[Start of Attachment]
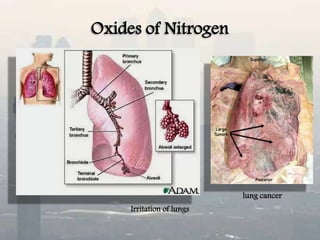 Oxides of Nitrogen
Irritation of lungs
lung cancer
 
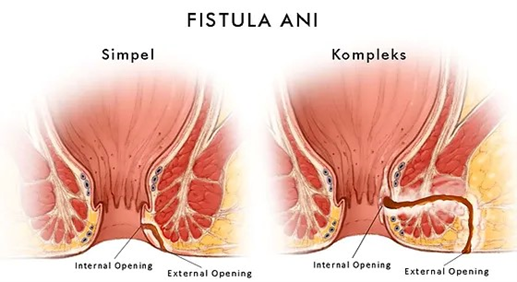 Penyebab Fistula Ani Lama Menutup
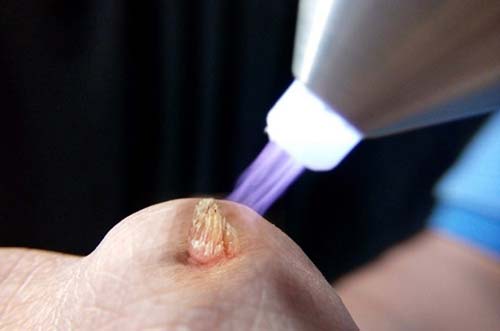 BỆNH SÙI MÀO GÀ CÓ CHỮA ĐƯỢC KHÔNG ? 4 66f61d85ab4c7f9465fad8ec 66f6186cfe6a1413bd46bb01 dot sui mao ga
[End of Attachment]
Please reproduce nothing but the lines from the one containing "lung cancer" through the closing line of the listing, retyped word for word, pictures excluded.

■ WRITTEN ANSWER:
lung cancer
 
 Penyebab Fistula Ani Lama Menutup
 BỆNH SÙI MÀO GÀ CÓ CHỮA ĐƯỢC KHÔNG ? 4 66f61d85ab4c7f9465fad8ec 66f6186cfe6a1413bd46bb01 dot sui mao ga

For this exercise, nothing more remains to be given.